I asked you to check this because I thought the update notice you're getting 'might be/could be' for the MS updates. And it sounds like it is. If there was a failed update, later updates wouldn't have loaded, go to the Microsoft Download Site Manually update any since you the last date you show.

When finished, reboot the computer, let installations complete. See if that stops the notices.You should get All updates marked Critical and the current SP updates.

The only security program indication in the Combofix heading is:
AV: AntiVir Desktop *On-access scanning enabled* (Outdated) {AD166499-45F9-482A-A743-FDD3350758C7}

This indicates 1. You have an outdated version of AntiVir and 2. It wasn't disabled to run Combofix. Please bring the AV program up to date now. Reboot the computer after installation. Then disable it and run Combofix again: Attach new report to next reply along with a new HijackThis scan log:

Summary:
1. Bring Windows Updates current
2. Bring antivirus program up to date.
3. Disable all security programs per instruction and run Combofix again: leave new report.
Please disable all security programs, such as antiviruses, antispywares, and firewalls.
4. Rescan with HJT -leave new log

Hold off on uninstalling/reinstalling Firefox.

 

[PK3]

little snag

I've updated Avira, but Windows won't update.

I have tried to update Windows using the link you gave me and the windows update shortcut, but the page won't access. It says that the page is unavailable.

I've tried to get in to the updates through the main site at www.microsoft.com but no luck.

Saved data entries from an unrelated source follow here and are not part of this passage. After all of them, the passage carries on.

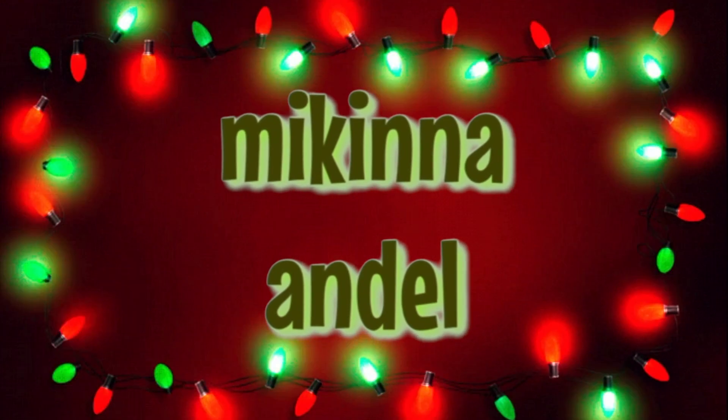Hey guys, it's McKenna, and today I'm going to be showing you what I got for Christmas. I have filmed this video every year that I've had my YouTube channel. I think this is like my seventh or eighth time filming this video, and I love doing it every year. I love watching everyone else's every year.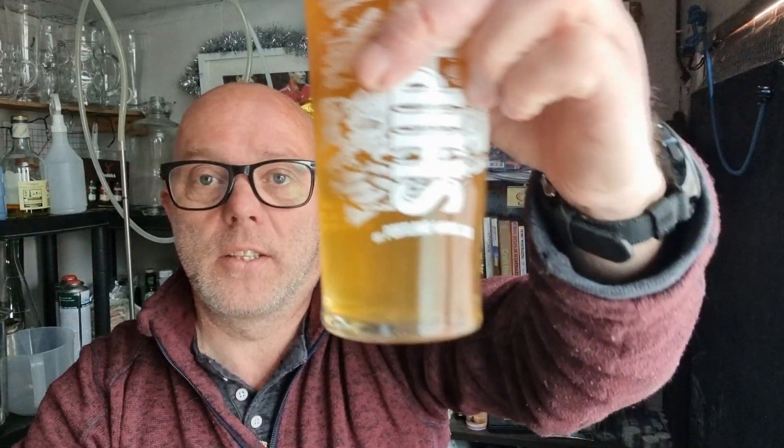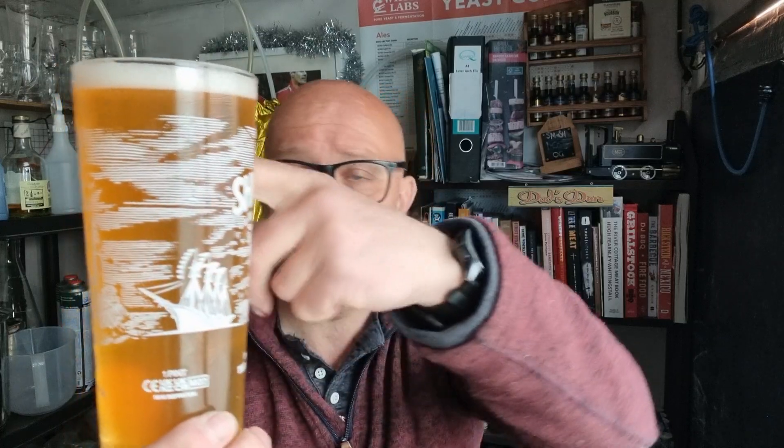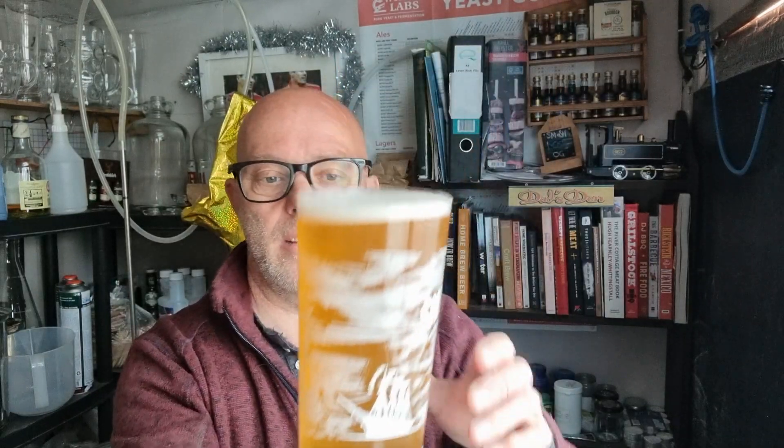Hello, cheers! Happy Thirsty Thursday. I didn't make Homebrew Wednesday so we're having Thirsty Thursday. This is the Nova Lager Pilsner - Novacek as I called it. It's been maybe two weeks in the keg now and it's good, it's really good. It's not as clear as it should be or I'd like it to be, but hey, hazy lager is a thing. That's five and a half percent.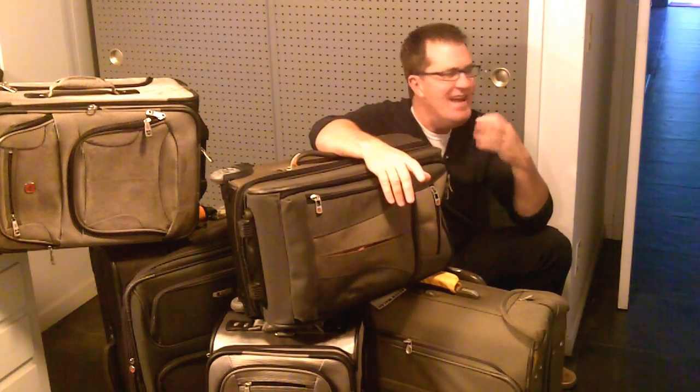Luggage drives me totally nuts because it's in a back room in my house, as I guess it is in your home too, or in the garage, or in the basement, or in the attic. And somehow, when you leave it alone, it just multiplies.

FYI, I ran combofix last time in Safe Mode with Networking, and Avira wasn't on. I don't know why it came up as "enabled". All the same, I'll run it Combofix again and HJT as soon as I figure out how to update Windows.

Thanks

 

[Bobbye]

PK, I tried to check the update site for you but Microsoft won't let me in with Firefox.

 

[PK3]

I tried accessing it using IE8. I've also tried using the Windows Update under the start menu, but that just pulled up the same site that says I cannot connect to the site. It behaves as if my internet connection is off altogether.

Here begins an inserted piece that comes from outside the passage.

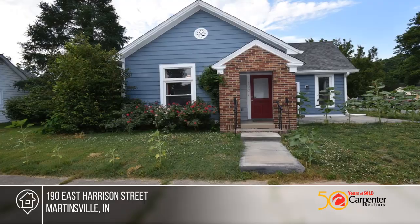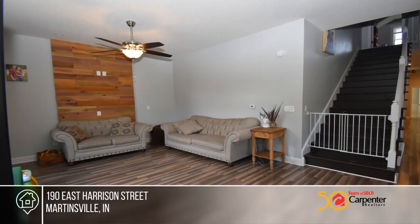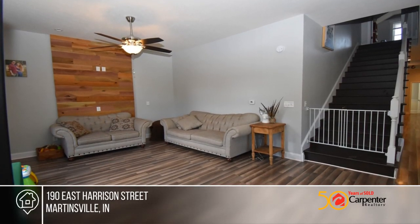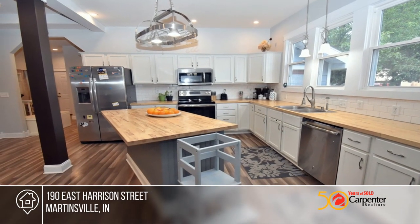Check out this newly renovated three-bedroom, two-and-a-half-bath home on a corner lot. The massive kitchen opens up to your dining room and the great room for all of your entertaining needs. It boasts a center island with a breakfast bar for quick meals and counter space for days.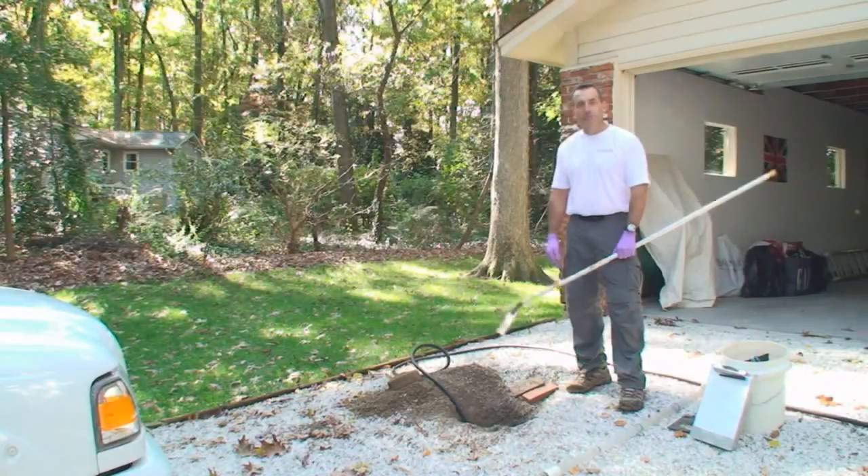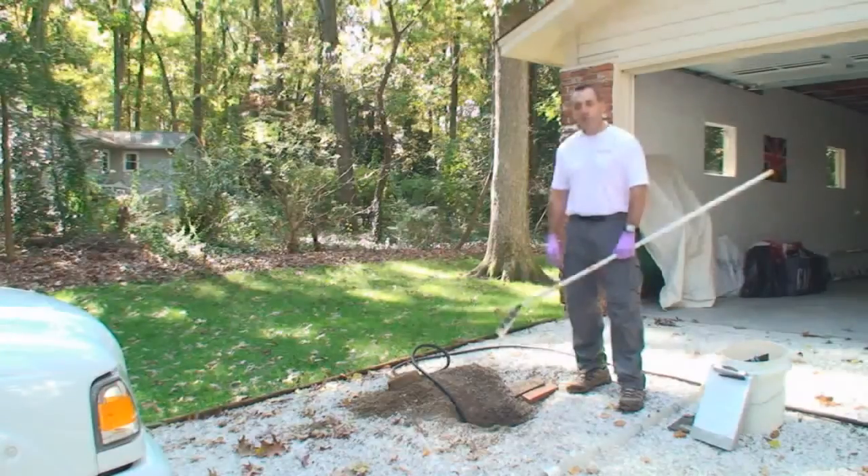Hello, I'm Dan Brumstead with Environmental Testing Lab. We're on site today to explain how we perform septic system inspections. Septic systems are a major part of the infrastructure of a home and as such we try to do as thorough a job as we can when inspecting them.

I've attached the CF and HJT logs that were just run.

Thanks

 

[Bobbye]

PK, I don't think the update problem is related to malware. If you re-post about not getting updates, the security notice- which I think is for these updates- someone in the other tech Support forum for BSOD and other Windows problems might be able to help with the update problem. I got you to find that problem but I can't fix it.

IF you pop-up original problem has been resolved:
Removing all of the tools we used and the files and folders they created

• Uninstall ComboFix and all Backups of the files it deleted
• Click START> then RUN
• Now type Combofix /Uninstall in the runbox and click OK. Note the space between the X and the U, it needs to be there.
  
  

• Download OTCleanIt by OldTimer and save it to your Desktop.
• Double click OTCleanIt.exe.
• Click the CleanUp! button.
• If you are prompted to Reboot during the cleanup, select Yes.
• The tool will delete itself once it finishes.

Note: If you receive a warning from your firewall or other security programs regarding OTC attempting to contact the internet, please allow it to do so.

• You should now set a new Restore Point and remove the old restore points to prevent infection from any previous Restore Points.
• Go to Start > All Programs > Accessories > System Tools
• Click "System Restore".
• Choose "Create a Restore Point" on the first screen then click "Next".
• Give the Restore Point a name> click "Create".
  
• Go back and follow the path to > System Tools.
  [*]Click "OK" to select the partition or drive you want.
  [*]Click the "More Options" Tab.
  [*]Click "Clean Up" in the System Restore section to remove all previous Restore Points except the newly created one.

Let me know if I can be of further help.

 

[PK3]

thanks. you've been a huge help.

last thing and I'll leave you alone: Should I remove and reinstall firefox?